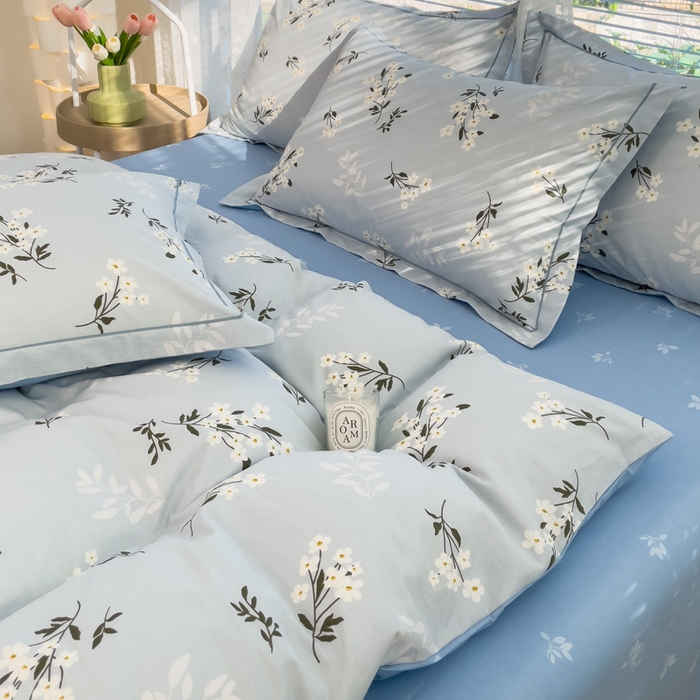 91家纺网 家纺一手货源 找家纺 优质买家秀热卖不断货A类母婴级卡通花卉儿童纯棉全棉床单纯棉全棉床笠全棉纯棉床单全棉13372四件套 挚爱-那年花开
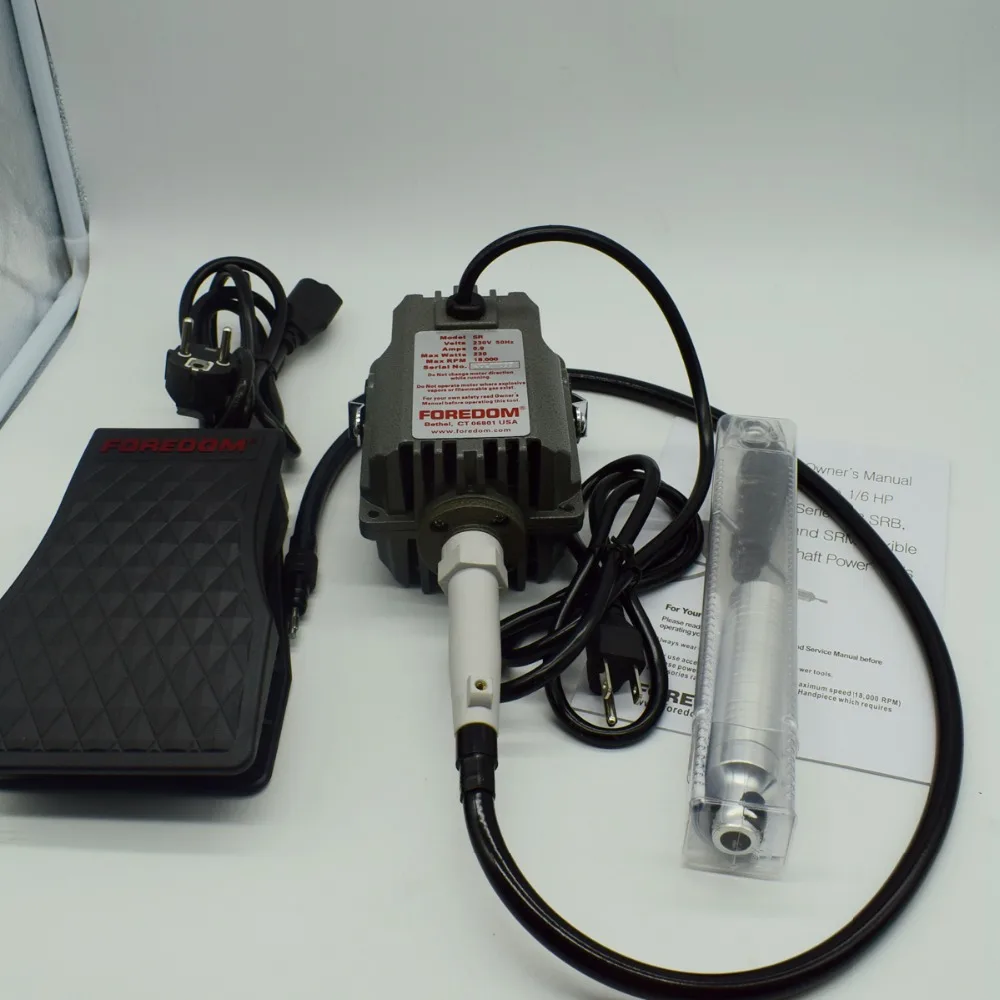 New Foredom SR Motor Flexible Shaft Grinder 220V Power Carving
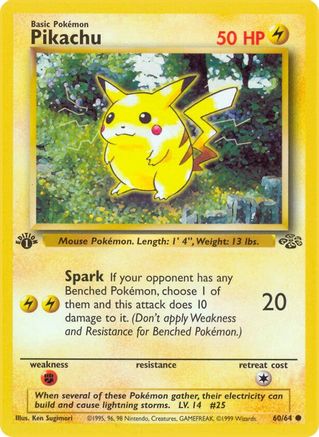 Pikachu 060  - 1st Edition - Common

-------

▶ **WORK TO BE COMPLETED**:
Please ensure that the data above is repeated exactly, with no pictures in the copy.

▶ **TASK ANSWER**:
 91家纺网 家纺一手货源 找家纺 优质买家秀热卖不断货A类母婴级卡通花卉儿童纯棉全棉床单纯棉全棉床笠全棉纯棉床单全棉13372四件套 挚爱-那年花开
 New Foredom SR Motor Flexible Shaft Grinder 220V Power Carving
 Pikachu 060  - 1st Edition - Common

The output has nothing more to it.